> _ENTRIES PROVIDED_
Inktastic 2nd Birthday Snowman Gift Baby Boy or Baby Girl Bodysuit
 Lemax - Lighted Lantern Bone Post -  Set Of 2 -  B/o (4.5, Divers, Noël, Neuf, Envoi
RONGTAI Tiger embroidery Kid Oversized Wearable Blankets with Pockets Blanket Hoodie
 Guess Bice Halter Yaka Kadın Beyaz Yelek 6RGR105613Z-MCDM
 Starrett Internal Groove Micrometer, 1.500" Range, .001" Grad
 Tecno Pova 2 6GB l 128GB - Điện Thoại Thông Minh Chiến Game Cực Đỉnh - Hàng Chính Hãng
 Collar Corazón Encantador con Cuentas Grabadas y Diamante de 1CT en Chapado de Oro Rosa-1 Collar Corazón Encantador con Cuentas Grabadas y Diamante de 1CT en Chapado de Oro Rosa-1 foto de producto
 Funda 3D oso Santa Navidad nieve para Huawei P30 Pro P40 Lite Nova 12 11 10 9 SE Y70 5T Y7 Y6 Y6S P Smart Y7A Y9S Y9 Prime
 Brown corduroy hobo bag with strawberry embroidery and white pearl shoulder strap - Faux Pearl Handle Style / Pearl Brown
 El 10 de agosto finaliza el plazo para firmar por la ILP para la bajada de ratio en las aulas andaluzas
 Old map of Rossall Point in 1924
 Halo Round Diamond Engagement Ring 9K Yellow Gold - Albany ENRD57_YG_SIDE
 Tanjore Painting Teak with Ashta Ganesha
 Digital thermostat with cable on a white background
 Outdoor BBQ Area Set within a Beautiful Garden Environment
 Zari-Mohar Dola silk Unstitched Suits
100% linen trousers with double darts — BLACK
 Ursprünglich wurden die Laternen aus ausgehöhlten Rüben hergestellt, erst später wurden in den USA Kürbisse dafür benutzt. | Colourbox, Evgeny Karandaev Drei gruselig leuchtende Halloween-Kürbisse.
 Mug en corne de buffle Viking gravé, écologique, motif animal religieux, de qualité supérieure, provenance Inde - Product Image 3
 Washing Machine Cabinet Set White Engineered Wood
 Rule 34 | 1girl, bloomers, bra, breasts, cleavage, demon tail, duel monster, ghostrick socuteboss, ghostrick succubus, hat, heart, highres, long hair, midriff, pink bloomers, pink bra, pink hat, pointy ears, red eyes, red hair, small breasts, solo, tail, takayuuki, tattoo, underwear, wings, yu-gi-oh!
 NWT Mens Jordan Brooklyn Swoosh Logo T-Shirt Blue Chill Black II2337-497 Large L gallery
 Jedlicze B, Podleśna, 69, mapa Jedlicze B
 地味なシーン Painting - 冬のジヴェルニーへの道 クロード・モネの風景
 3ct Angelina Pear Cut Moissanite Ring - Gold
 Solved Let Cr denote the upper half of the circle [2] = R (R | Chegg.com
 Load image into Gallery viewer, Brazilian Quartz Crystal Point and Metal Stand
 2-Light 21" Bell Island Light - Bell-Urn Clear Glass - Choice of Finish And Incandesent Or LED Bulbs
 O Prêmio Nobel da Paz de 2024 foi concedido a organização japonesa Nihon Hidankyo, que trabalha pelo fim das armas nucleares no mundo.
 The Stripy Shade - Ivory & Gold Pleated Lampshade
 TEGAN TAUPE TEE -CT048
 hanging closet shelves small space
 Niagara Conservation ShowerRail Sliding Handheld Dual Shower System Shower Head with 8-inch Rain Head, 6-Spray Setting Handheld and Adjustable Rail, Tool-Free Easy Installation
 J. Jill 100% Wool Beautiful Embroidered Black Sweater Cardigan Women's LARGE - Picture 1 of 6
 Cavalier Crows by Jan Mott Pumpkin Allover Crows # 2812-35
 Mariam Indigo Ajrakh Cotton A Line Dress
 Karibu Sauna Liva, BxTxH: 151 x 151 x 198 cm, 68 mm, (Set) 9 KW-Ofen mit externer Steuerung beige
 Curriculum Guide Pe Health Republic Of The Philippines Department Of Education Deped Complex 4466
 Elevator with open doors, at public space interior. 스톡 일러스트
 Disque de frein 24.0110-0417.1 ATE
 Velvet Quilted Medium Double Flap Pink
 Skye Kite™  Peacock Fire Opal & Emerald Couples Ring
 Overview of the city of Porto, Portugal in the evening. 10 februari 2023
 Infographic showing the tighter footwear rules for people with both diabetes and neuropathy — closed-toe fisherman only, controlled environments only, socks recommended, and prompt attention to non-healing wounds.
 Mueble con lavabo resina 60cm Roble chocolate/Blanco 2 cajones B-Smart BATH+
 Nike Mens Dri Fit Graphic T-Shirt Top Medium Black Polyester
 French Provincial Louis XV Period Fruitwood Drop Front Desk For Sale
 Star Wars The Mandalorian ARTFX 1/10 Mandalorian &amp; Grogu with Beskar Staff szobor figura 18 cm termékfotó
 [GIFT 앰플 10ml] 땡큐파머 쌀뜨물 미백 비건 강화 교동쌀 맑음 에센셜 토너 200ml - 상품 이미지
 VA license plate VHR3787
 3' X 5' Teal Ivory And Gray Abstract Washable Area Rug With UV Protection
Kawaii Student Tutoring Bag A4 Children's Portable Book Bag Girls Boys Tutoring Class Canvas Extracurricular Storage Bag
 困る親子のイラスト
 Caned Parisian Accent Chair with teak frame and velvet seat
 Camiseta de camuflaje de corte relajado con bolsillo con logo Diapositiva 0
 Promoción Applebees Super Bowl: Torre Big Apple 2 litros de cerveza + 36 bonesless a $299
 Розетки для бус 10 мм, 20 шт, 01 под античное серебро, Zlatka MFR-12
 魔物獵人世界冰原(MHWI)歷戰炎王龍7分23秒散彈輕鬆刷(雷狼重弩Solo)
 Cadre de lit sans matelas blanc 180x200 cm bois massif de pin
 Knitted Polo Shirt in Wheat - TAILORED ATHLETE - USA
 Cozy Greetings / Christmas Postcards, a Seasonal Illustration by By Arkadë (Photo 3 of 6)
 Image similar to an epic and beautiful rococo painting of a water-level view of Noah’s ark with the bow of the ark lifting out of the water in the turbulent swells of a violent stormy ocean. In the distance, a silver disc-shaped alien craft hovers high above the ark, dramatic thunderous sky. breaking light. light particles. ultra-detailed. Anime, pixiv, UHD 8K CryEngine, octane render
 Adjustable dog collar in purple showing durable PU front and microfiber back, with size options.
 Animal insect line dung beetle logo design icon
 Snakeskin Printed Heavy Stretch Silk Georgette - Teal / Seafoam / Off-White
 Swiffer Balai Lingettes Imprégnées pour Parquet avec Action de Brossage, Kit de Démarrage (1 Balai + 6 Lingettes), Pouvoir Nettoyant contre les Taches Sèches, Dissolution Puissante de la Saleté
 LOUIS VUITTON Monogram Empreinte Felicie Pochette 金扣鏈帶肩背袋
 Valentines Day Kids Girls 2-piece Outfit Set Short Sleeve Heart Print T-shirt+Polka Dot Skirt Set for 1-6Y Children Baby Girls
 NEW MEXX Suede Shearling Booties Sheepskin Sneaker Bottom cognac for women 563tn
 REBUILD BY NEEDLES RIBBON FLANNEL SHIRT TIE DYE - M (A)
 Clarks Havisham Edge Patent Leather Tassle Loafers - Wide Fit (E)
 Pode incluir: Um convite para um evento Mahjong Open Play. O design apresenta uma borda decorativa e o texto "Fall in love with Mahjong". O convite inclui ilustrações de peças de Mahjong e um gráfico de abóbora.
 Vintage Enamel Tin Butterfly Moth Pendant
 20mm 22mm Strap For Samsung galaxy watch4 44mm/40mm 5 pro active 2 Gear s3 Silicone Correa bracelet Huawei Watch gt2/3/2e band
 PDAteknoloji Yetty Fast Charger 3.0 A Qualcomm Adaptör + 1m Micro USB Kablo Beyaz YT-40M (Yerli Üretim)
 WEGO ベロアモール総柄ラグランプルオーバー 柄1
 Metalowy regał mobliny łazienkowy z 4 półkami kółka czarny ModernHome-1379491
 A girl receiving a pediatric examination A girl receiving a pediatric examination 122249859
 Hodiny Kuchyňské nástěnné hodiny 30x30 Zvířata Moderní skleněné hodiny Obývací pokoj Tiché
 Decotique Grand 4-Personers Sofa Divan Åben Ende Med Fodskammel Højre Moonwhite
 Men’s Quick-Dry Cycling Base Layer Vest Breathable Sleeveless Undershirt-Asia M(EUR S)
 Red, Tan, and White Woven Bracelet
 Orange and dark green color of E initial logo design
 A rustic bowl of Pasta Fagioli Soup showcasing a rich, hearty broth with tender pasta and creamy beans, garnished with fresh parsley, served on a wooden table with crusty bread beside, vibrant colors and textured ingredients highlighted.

> _REQUIRED ACTION_
Extract from the records above the lines from the one containing "魔物獵人世界冰原(MHWI)歷戰炎王龍7分23秒散彈輕鬆刷(雷狼重弩Solo)" to the one containing "Cozy Greetings /", both lines included, exactly as they appear and with nothing else.

> _SOLUTION TO THE EXERCISE_
 魔物獵人世界冰原(MHWI)歷戰炎王龍7分23秒散彈輕鬆刷(雷狼重弩Solo)
 Cadre de lit sans matelas blanc 180x200 cm bois massif de pin
 Knitted Polo Shirt in Wheat - TAILORED ATHLETE - USA
 Cozy Greetings / Christmas Postcards, a Seasonal Illustration by By Arkadë (Photo 3 of 6)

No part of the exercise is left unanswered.